Jane Austen wrote six complete novels in her relatively short lifetime, all of which are pretty well known and successful.
Pride and Prejudice, published in 1813, was Austen’s second novel and perhaps her best loved. The storyline follows a family with five daughters. Though the girls want to marry for love, at least one must marry "well," meaning marry a rich man, for the sake of the family’s financial security.
To think about
Pride and Prejudice in historical-terms, you have to realize that there was a "war of ideas" going on at this time, and boy was it bloody. It was taking place everywhere – in art, politics, society. On one side was the "
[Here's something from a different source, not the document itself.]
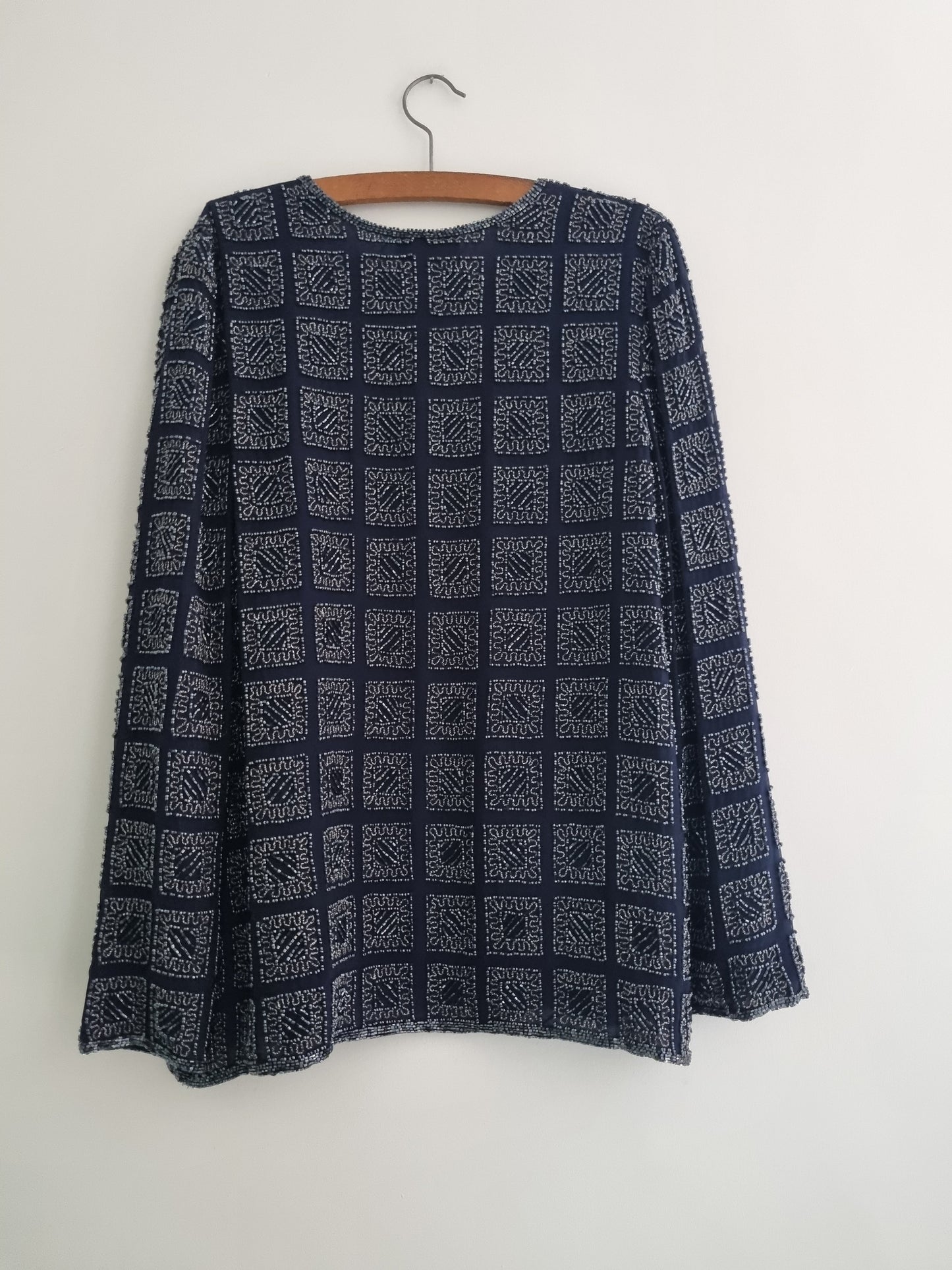 Beaded Rimini Jacket Vintage UK16 in Blue Square Pattern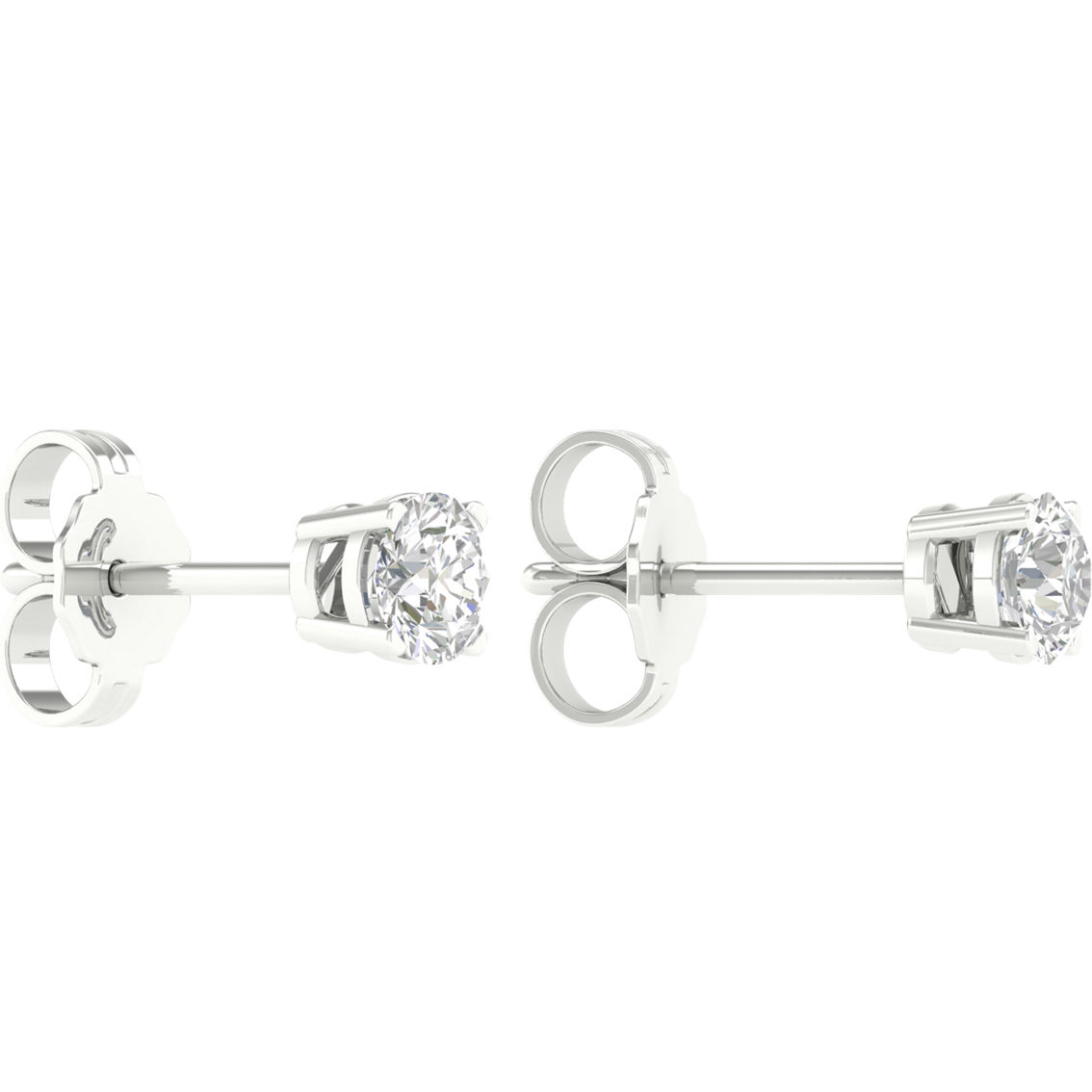 Pure Brilliance 14K White Gold 1/2 CTW Stud Earrings with IGI Certification - Image 2 of 2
Romantic movement," which was a response to the
Enlightenment ideal of rationalism. The Romantics were all, "let’s talk about our
feeeelings" and "let’s return to nature." The Romantics were reacting against the firmly entrenched conservatives who really liked rules, tradition, and the rigid conformity of the scientific method.
Every day the Romantics would express their ideas, and then the conservatives would express theirs, and the ideas would fight in these mad air battles all over England. But which side was
Pride and Prejudice fighting on? Last we checked, it’s complicated, just like your last relationship status on Facebook.
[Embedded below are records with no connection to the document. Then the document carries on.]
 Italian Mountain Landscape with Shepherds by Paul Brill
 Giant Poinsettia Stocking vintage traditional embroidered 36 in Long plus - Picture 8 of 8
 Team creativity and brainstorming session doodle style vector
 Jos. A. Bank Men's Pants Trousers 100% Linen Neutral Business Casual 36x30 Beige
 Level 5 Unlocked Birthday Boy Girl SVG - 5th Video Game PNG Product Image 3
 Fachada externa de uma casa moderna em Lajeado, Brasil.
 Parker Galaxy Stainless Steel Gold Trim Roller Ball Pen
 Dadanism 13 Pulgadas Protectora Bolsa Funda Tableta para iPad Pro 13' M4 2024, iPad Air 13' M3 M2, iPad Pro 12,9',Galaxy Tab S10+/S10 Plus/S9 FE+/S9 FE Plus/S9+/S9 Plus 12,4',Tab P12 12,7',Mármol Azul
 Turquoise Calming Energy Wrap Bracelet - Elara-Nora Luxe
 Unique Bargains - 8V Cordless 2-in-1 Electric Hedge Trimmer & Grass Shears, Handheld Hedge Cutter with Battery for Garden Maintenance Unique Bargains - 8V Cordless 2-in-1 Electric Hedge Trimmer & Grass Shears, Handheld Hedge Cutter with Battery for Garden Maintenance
Pride and Prejudice has some characteristics of the Romantic movement, namely, that it deals with feelings, but love in
Pride and Prejudice is still grounded in a certain kind of rationalism and celebration of human intelligence; Elizabeth and Darcy make sense as a balanced, complementary couple, and it is only after their heads come to terms with their hearts that they are ready to get engaged. So there are at least two reasonable options for thinking about
Pride and Prejudice in the context of this intellectual war: it’s either waving a white flag between the conservatives and the Romantics, or else it’s simply ignoring them altogether.
But wait! There was another war. Well, maybe it was more like a friendly discussion. This conflict was going on in the literary world, where the novel was just growing up. There were two decisions a writer could take during this time – she could focus on developing her characters’ tortured inner lives so we could read all about their psychological torment, or she could focus on developing awesome storylines with great action sequences.
Pride and Prejudice was one of the first novels to bring both of these together – the characters’ complex inner lives don’t prevent them from living within an interesting plot. Austen weaves the two together skillfully by giving the less important characters a similarly less interesting inner life – Lydia’s character and her elopement, for example, is used to demonstrate the depth of Darcy’s commitment to Elizabeth and her family. By synthesizing these two novel forms, Austen helped the modern novel grow up.